The whole clan, including in-laws, showed up to cheer on Keegan, a senior and the youngest of four brothers who each played four years at St. Viator and starting skating at age 4 or 5.
It's a good thing Pat and Heather Thornton thought it was a great way, win or lose, to end their run as hockey parents because the Lions lost 5-0 to St. Rita.
Games and practices over 25 years meant Heather and Patrick Thornton missed a trip to Hawaii with extended family, uncounted family dinners and a generation of Saturday nights out.
And while the boys traveled to places like Lake Placid, N.Y.; Florida; Colorado; and innumerable rinks in Wisconsin and Michigan, it was always with only one parent since the other one had to go to other youngsters' games. The only Thornton family hockey trip was to Toronto because the couple wanted their youngsters to see Niagara Falls, where they honeymooned.
After the decades of hockey marathon, Patrick is most looking forward to Sunday night family dinners, and Heather thinks she might get to spend some time at the family's vacation home.
Keegan earned all this family attention not only by being the only Thornton whose team made it to the championship game, but also by playing with action figures as a youngster while his older brothers were on the ice and his mother nursed a baby in the bleachers.
Heather, who didn't know what hockey was before her oldest son, Patrick, now 29, took to the ice, said she has mellowed over the years and “isn't as bad at games.” She, of course, had a baby on her hip years ago when she got tossed from a game for complaining about a referee's calls.
“I wasn't swearing or anything like that,” she says.
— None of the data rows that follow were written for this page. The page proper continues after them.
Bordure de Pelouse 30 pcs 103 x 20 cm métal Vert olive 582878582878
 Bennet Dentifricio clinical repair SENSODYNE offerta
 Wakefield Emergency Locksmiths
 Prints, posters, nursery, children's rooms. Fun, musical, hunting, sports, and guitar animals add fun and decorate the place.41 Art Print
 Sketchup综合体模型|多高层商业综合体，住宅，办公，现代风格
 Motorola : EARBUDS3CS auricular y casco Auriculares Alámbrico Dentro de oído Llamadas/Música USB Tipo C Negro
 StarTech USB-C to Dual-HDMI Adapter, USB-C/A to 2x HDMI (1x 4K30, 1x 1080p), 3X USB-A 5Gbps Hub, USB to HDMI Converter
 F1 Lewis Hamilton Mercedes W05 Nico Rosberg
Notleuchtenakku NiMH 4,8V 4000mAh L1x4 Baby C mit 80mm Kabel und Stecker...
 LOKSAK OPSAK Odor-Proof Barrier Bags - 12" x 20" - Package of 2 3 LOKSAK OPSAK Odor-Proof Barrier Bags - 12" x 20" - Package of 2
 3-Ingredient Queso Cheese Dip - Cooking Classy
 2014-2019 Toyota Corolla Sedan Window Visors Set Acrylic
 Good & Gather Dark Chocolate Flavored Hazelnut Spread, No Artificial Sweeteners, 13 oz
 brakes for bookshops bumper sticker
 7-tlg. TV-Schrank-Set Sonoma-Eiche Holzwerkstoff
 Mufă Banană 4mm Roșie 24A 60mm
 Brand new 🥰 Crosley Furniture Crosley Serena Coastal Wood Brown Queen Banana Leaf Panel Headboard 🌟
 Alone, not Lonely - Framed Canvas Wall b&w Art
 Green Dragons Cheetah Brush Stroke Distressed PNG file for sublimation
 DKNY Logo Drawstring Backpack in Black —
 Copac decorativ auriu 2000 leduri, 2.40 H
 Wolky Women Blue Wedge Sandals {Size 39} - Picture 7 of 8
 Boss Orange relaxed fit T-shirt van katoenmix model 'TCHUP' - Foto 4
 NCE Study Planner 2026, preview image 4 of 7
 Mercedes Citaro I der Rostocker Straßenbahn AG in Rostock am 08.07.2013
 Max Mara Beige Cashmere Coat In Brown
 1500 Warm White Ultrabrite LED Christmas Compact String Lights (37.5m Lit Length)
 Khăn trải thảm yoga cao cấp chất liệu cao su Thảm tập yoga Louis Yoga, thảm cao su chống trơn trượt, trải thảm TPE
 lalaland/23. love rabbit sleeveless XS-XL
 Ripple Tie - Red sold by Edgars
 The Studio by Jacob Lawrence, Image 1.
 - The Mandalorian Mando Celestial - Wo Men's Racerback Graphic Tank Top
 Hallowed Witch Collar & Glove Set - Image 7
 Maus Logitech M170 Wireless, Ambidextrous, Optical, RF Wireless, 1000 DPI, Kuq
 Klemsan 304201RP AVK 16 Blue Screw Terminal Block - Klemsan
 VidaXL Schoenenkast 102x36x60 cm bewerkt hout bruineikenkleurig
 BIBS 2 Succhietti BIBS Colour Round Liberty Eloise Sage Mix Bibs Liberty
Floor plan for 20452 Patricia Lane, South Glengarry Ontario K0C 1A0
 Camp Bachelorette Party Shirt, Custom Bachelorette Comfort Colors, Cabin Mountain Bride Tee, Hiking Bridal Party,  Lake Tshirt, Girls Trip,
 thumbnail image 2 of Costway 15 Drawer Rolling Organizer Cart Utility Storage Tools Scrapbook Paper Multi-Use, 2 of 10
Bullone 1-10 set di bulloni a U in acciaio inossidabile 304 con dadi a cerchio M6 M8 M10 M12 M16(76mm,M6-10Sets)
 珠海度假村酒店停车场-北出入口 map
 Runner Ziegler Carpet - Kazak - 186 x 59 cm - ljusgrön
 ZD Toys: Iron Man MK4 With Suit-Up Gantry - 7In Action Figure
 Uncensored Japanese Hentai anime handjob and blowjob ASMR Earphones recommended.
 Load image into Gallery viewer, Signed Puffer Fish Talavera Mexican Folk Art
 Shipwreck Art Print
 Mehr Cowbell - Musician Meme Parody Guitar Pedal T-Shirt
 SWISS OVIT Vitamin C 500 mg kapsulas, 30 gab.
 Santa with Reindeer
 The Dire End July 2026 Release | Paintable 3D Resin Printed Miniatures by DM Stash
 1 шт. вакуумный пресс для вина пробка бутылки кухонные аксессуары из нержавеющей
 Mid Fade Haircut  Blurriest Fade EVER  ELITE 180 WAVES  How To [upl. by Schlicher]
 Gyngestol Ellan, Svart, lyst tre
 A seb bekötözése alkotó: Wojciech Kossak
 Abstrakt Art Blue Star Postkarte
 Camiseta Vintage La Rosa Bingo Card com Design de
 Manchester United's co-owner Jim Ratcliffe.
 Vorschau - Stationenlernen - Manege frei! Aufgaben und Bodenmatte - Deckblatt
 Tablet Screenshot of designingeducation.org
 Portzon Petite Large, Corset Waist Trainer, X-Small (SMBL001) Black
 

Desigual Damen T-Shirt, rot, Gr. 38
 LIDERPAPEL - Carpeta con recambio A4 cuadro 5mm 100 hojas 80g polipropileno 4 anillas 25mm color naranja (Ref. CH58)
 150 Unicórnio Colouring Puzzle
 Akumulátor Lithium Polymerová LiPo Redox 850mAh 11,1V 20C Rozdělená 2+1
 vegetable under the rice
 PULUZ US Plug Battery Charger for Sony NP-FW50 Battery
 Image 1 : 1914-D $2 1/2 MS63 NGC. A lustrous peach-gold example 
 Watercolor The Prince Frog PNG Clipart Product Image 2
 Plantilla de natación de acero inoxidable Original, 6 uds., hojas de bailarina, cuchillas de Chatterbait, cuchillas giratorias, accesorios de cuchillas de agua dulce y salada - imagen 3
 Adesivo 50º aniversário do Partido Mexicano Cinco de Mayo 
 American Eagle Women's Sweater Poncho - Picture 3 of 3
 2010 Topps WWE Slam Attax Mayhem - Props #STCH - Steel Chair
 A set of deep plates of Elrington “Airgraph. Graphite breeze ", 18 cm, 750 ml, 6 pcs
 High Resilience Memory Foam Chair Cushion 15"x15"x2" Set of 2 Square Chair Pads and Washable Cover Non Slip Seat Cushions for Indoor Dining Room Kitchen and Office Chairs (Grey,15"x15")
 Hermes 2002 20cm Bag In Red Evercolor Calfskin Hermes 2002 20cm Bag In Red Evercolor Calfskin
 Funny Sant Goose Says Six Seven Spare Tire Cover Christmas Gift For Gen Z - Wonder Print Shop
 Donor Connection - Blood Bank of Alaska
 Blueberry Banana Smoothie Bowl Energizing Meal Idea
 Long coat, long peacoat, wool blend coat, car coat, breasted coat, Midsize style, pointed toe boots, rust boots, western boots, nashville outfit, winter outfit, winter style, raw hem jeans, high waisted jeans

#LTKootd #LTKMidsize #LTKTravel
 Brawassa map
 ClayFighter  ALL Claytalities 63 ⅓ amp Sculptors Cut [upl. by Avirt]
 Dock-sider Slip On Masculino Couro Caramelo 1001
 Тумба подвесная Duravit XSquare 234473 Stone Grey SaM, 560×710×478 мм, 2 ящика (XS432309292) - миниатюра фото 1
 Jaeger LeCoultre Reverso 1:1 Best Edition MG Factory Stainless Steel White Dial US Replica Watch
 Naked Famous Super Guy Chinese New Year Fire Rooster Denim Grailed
But she was in a balcony where her complaints were more audible than in regular bleachers.
Keegan, who also has three sisters whose sport is soccer, might play hockey at Loyola University in Chicago, like his brother, Austin, 26, who played at Dayton University. But college pucks are just not the same for their parents, who caught only one Dayton game because they had so much hockey going on at home.
“When one graduated, we always knew there was another coming along,” said Patrick, president of the school's hockey club board.
“After all this amount of time it's really cool, making it all the way to this final game,” he said. “It gives us time to think and reflect. It's been about as good a final season as you could wish for.”